Dezenas de soldados sírios mortos em raide da coligação anti-Daesh
Rússia fala em “erro de coordenadas, uma consequência directa da teimosia dos EUA em recusarem coordenar as suas acções contra os grupos terroristas na Síria”.
Num momento já tenso, com trocas de acusações e bombardeamentos a ameaçarem a trégua em vigor desde segunda-feira, um raide da coligação internacional liderada pelos Estados Unidos para combater os jihadistas atingiu as forças do regime sírio junto ao aeroporto de Deir Ezzor. Damasco fala em “62 mortos e uma centena de feridos”; o Observatório Sírio dos Direitos Humanos diz que morreram “pelo menos 80 soldados”.
O Exército dos EUA confirmou o raide, explicando que “o ataque aconteceu numa área que a coligação já tinha alvejado no passado”. As forças da coligação “acreditavam estar a atacar uma posição do Estado Islâmico” e o bombardeamento “foi interrompido”. A coligação, dizem ainda os militares americanos num comunicado, “não atacaria intencionalmente uma unidade militar síria conhecida”.
"A Síria é um teatro de operações complexo com diferentes forças militares e milícias que se encontram num perímetro próximo", continua a declaração. "A coligação vai averiguar as circunstâncias deste ataque e ver se podem ser retiradas lições", diz ainda o texto do comando americano para o Médio Oriente (Centcom).
Esta cidade, capital da província com o mesmo nome, no Leste da Síria, está toda rodeada por combatentes do Daesh, mas há bairros que se mantêm sob controlo do Exército fiel a Bashar al-Assad.
Segundo um comunicado do Exército russo, aliado de Damasco e presente no terreno, “aviões da coligação internacional antijihadista fizeram quatro ataques aéreos contra as forças sírias cercadas pelo grupo Estado Islâmico perto do aeródromo de Deir Ezzor”. Russos e sírios dizem que “62 soldados sírios foram mortos e uma centena ficaram feridos nestes ataques”.

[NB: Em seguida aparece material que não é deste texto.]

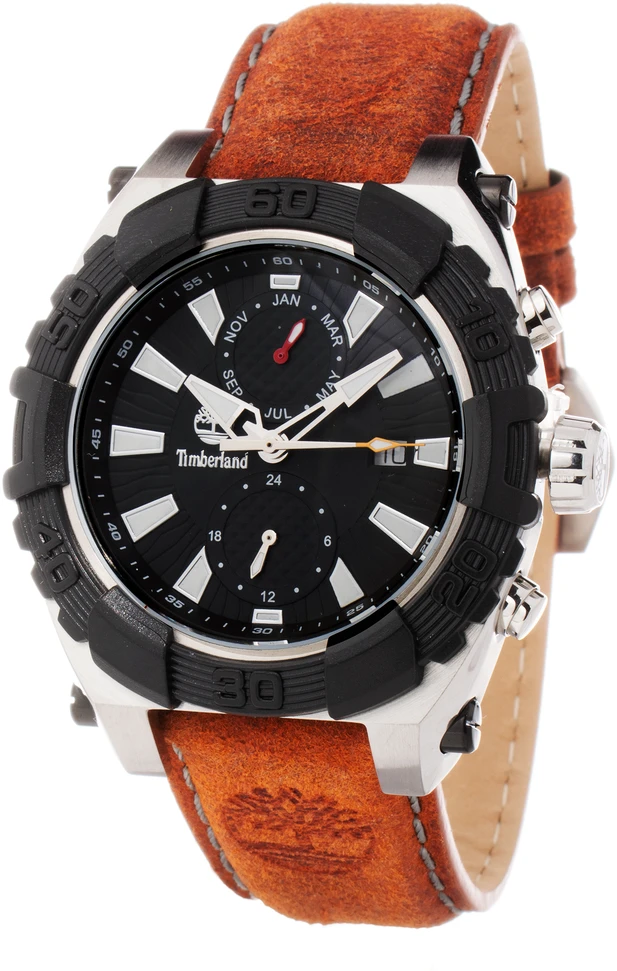 Laikrodis TIMBERLAND TBL1331JS-02C. Kwarcowy, Kolor juoda. Mężczyzna.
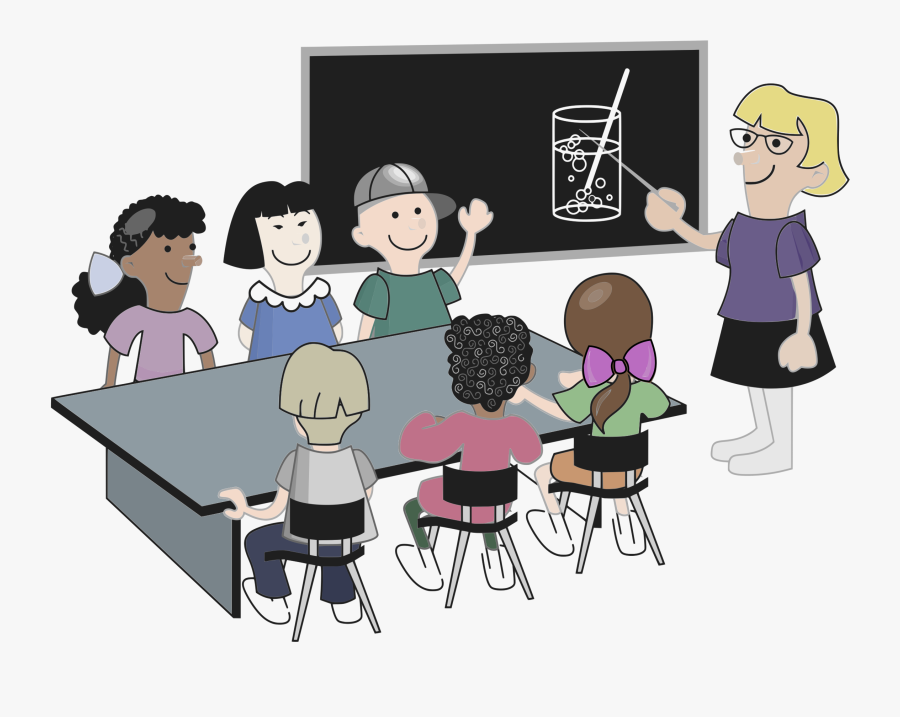 Child Clipart Diversity - School Classroom Clipart Black And White, Transparent Clipart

Antes, numa declaração das Forças Armadas sírias, o regime acusava os Estados Unidos de “agressão séria e descarada” contra a Síria, oferecendo assim, segundo Damasco, “provas conclusivas” de que Washington e os seus aliados apoiam o grupo extremista.
Numa lista que os americanos tinham divulgado com os ataques do dia incluíam-se alguns raides em Deir Ezzor, nomeadamente contra “estradas que servem de reabastecimento” aos radicais.
O comando sírio diz ainda que as bombas atingiram soldados que se preparavam para enfrentar o Daesh e que os raides abriram caminho para que os fundamentalistas conseguissem reconquistar a sua posição em Jebel Tharda, perto do aeroporto.
“Se este ataque foi o resultado de um erro de coordenadas é uma consequência directa da teimosia dos EUA que recusam coordenar com a Rússia as suas acções contra os grupos terroristas na Síria”, afirma o Ministério da Defesa russo na mesma declaração.
Moscovo diz que os ataques, entre as 17h e as 17h50 locais, foram realizados por dois F-16 e dois A-10, que entraram no espaço aéreo sírio vindos do Iraque. O Observatório Sírio, que tem uma vasta rede de activistas no terreno e tenta manter uma contabilidade das vítimas, não foi capaz de identificar os aviões envolvidos.
De acordo com a trégua iniciada há quase uma semana na sequência de um acordo negociado pelos EUA e pela Rússia, após sete dias de “diminuição significativa da violência” americanos e russos deveriam estabelecer um centro de comando conjunto para começaram a coordenar os ataques contra o Daesh e a ex-Frente al-Nusra (actual Jabhat Fatah al-Sham). A violência diminuiu, de facto, bastante, e até sexta-feira nem houve registo de vítimas civis, quando o Observatório Sírio deu conta de bombardeamentos em duas localidades rebeldes (uma na província de Idlib, a outra na de Alepo) e da morte de duas crianças e um homem perto de Idlib.
O problema é que o acordo prevê ainda que seja levada ajuda humanitária a todos os que dela precisem e isso ainda não aconteceu – segundo a ONU, porque o regime não autoriza o transporte de alimentos e outros bens essenciais para as zonas da cidade de Alepo controladas pela oposição, onde 250 mil civis desesperam.
Os EUA insistem que “não porão a funcionar um centro de coordenação militar” se a ajuda urgente não chegar. A criação do centro tem de ser precedido de “sete dias consecutivos de redução do nível de violência e de acesso ininterrupto da ajuda humanitária”, afirmou Obama, citado pela Casa Branca, numa reunião da sua equipa de Segurança Nacional.